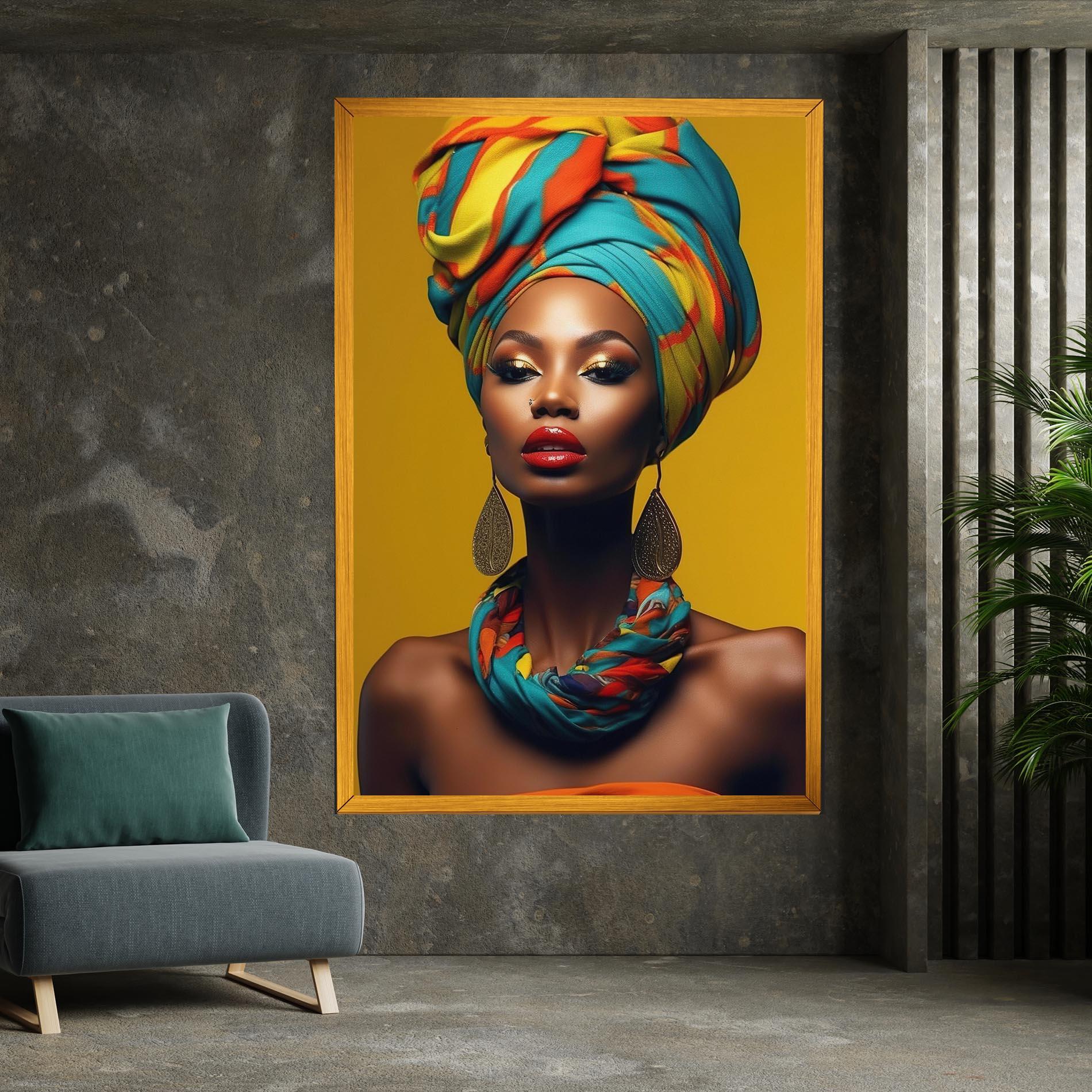 Leinwandbild African Yellow Portrait mockup 7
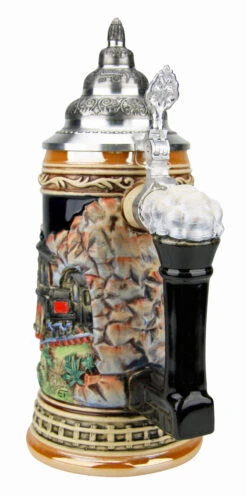 Train Beer Stein 9 Train Beer Stein -German Beer Steins Sales Store Train Beer Stein K940 Back SM 66190.1495575261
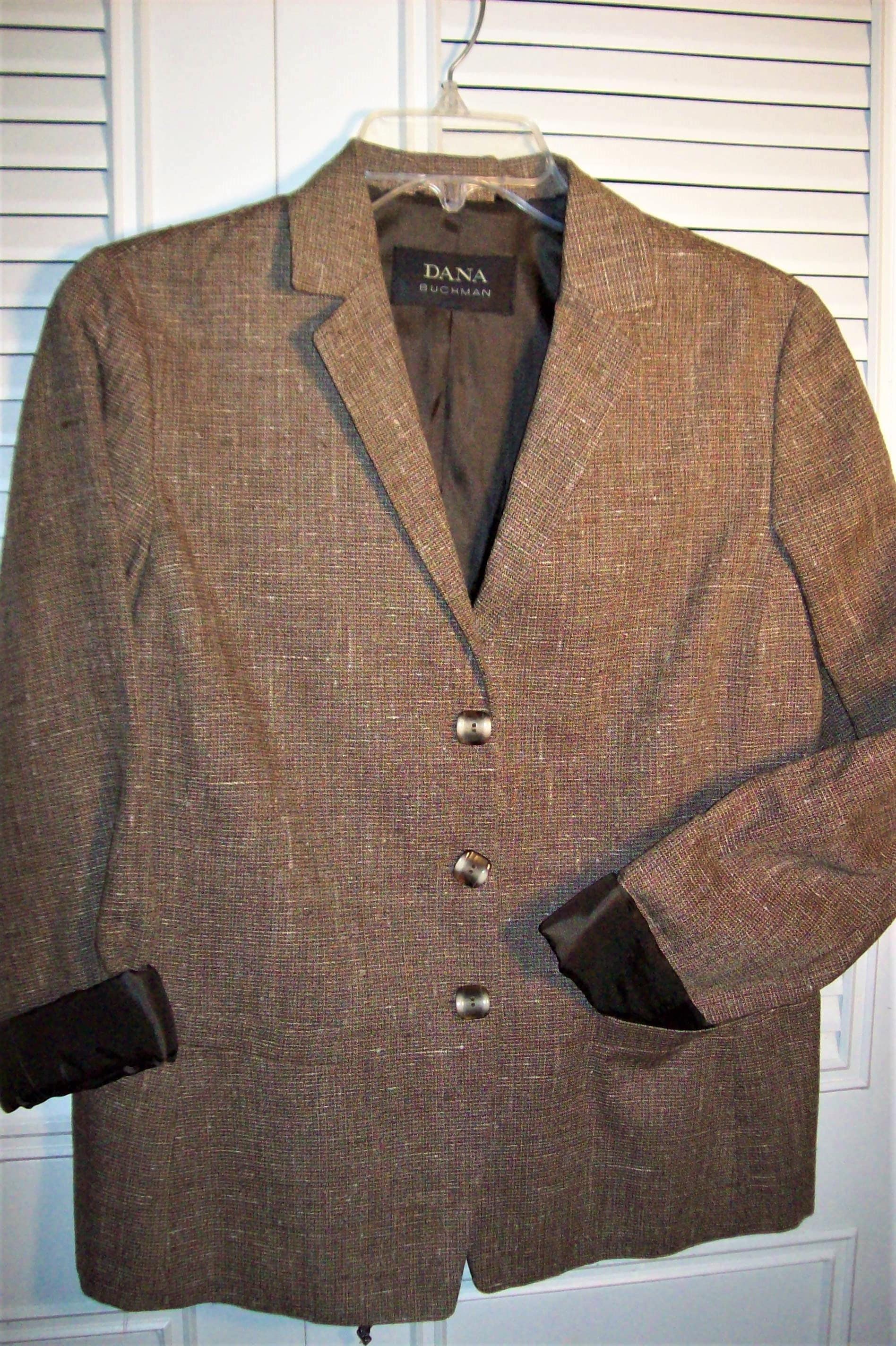 Blazer 8 10 Dana Buchman Waffle Tweedy Jacket W Brown Trimmed Sleeves Vintage See Details Etsy Canada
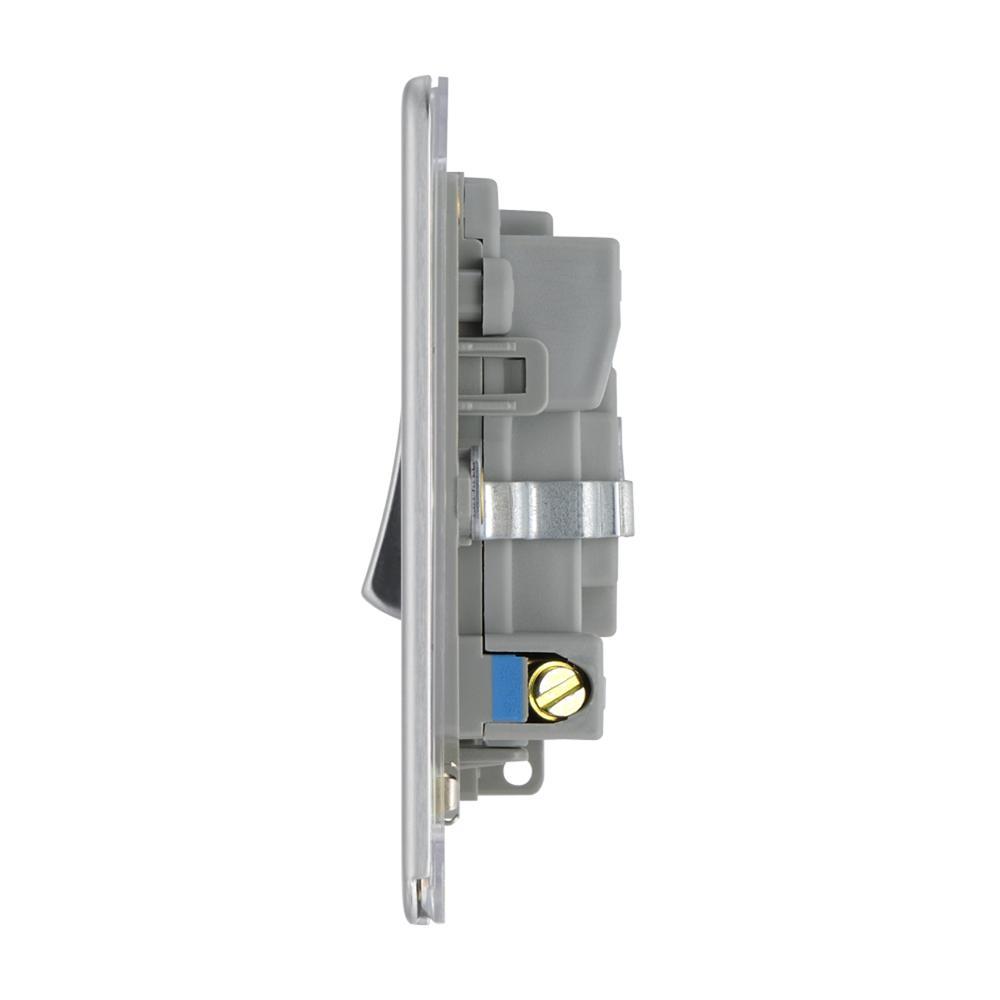 Bg Brushed Steel 13A Fused Connection Unit Switched with Power Indicator Flex Outlet - Screwless Flatplate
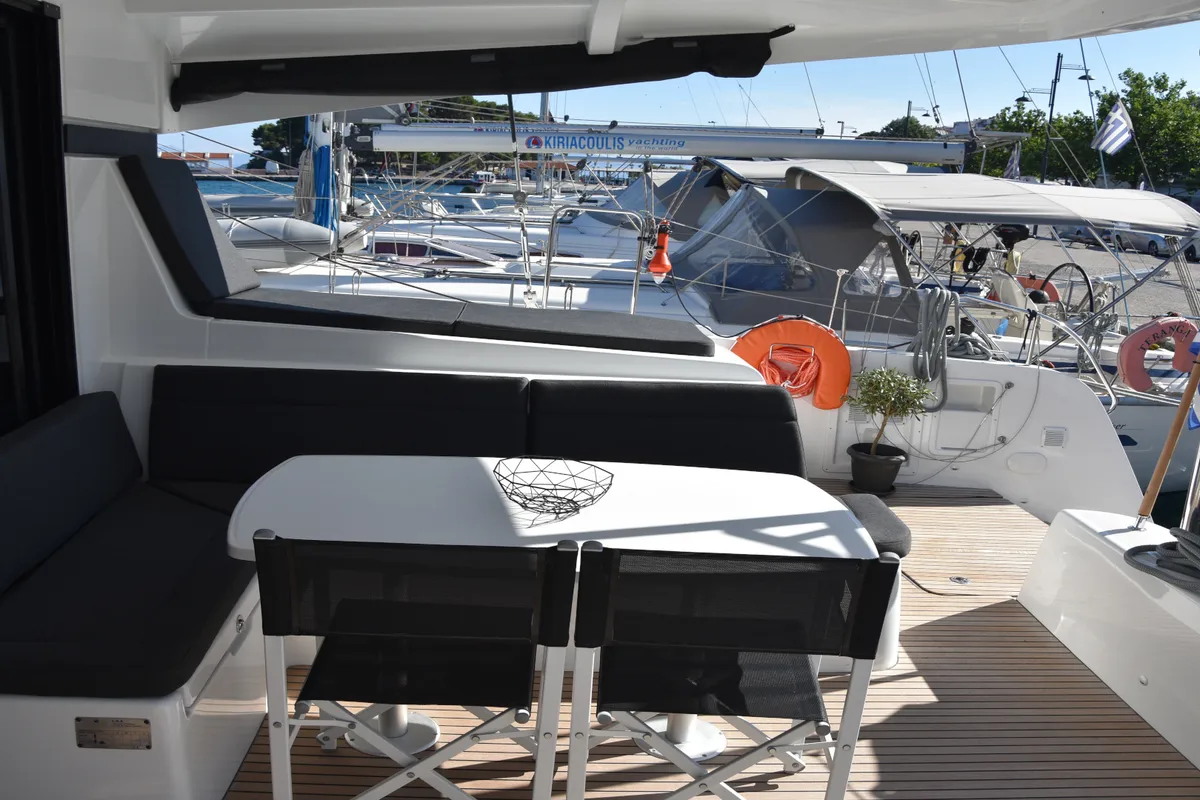 Deck of Kit Cat, a Lagoon 42 catamaran at Athens, Greece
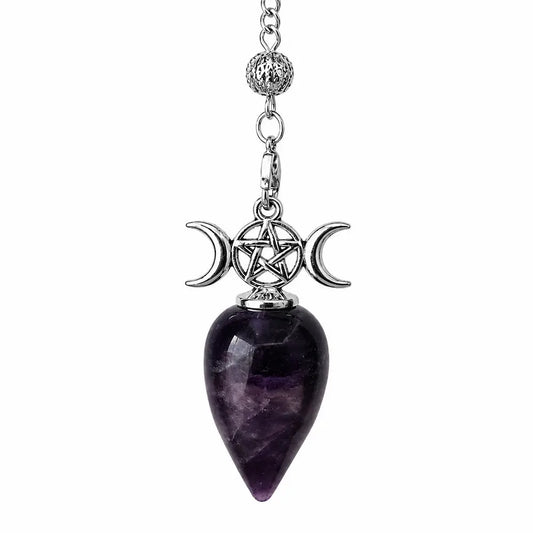 Pendule pentacle tripe lune améthyste foncée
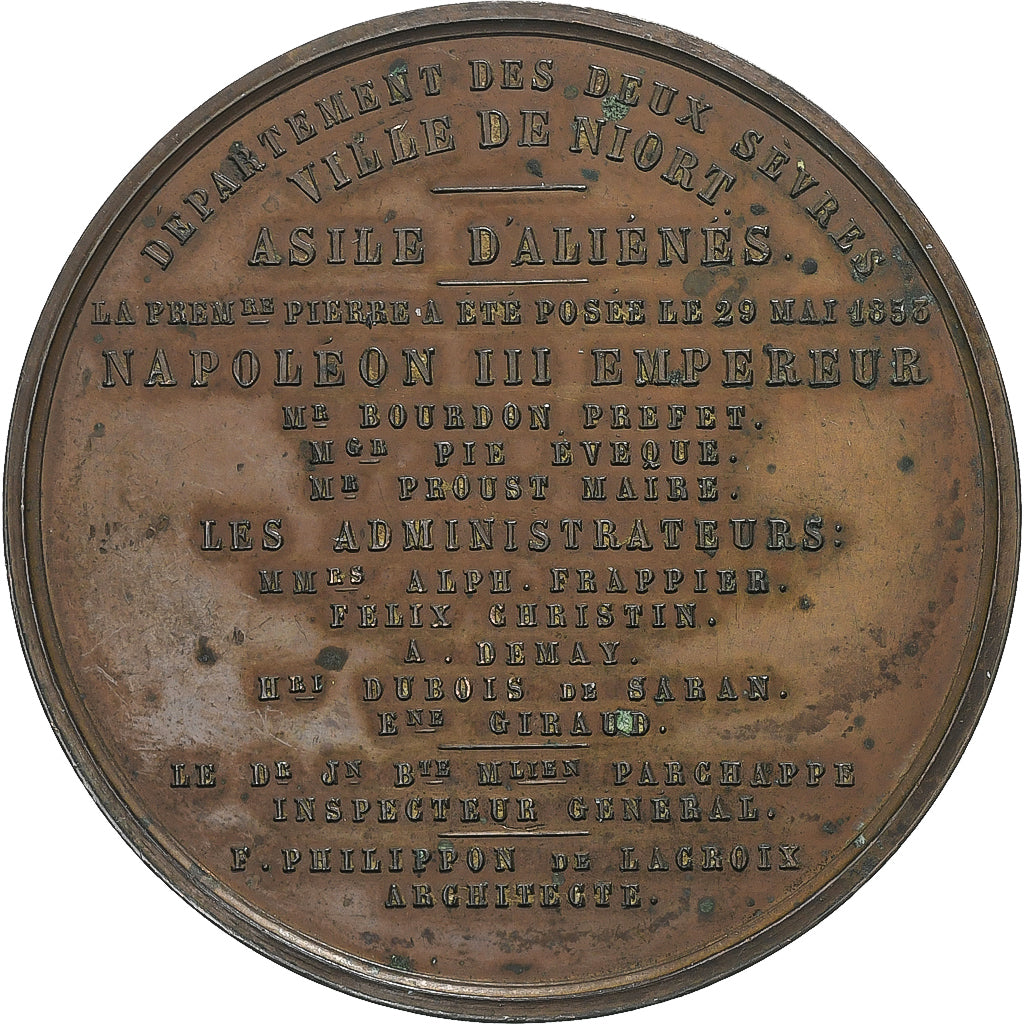 France, Medal, Napoléon III, Asile d'Aliénés, Niort, 1855, Copper, Caqué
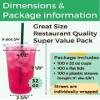 [100 Sets] 32 oz Clear Plastic Cups with Lids and STRAWS, Disposable Party Cups for To Go Iced Coffee Cold Drinks, Smoothie, Juice, Parfait, Frappuccino, Milkshake. No Leaking Fruit Cup view 2
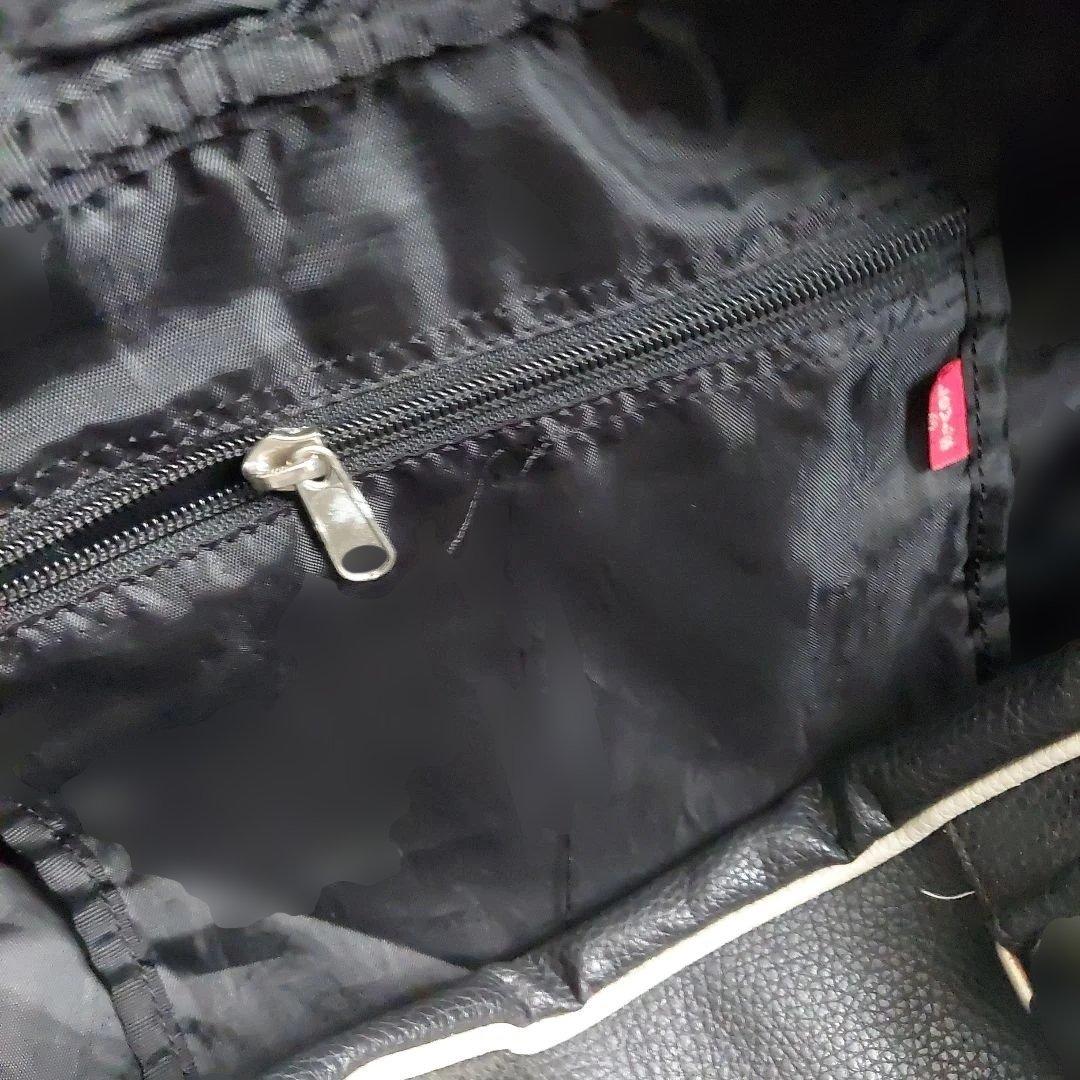 90s レトロ Levi's ブラック PUレザー 合成皮革 ボストンバッグ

------------------------------------------------

**YOUR GOAL:**
Repeat the data exactly, without the pictures.

**EXERCISE OUTPUT:**
 Leinwandbild African Yellow Portrait mockup 7
 Train Beer Stein 9 Train Beer Stein -German Beer Steins Sales Store Train Beer Stein K940 Back SM 66190.1495575261
 Blazer 8 10 Dana Buchman Waffle Tweedy Jacket W Brown Trimmed Sleeves Vintage See Details Etsy Canada
 Bg Brushed Steel 13A Fused Connection Unit Switched with Power Indicator Flex Outlet - Screwless Flatplate
 Deck of Kit Cat, a Lagoon 42 catamaran at Athens, Greece
 Pendule pentacle tripe lune améthyste foncée
 France, Medal, Napoléon III, Asile d'Aliénés, Niort, 1855, Copper, Caqué
 [100 Sets] 32 oz Clear Plastic Cups with Lids and STRAWS, Disposable Party Cups for To Go Iced Coffee Cold Drinks, Smoothie, Juice, Parfait, Frappuccino, Milkshake. No Leaking Fruit Cup view 2
 90s レトロ Levi's ブラック PUレザー 合成皮革 ボストンバッグ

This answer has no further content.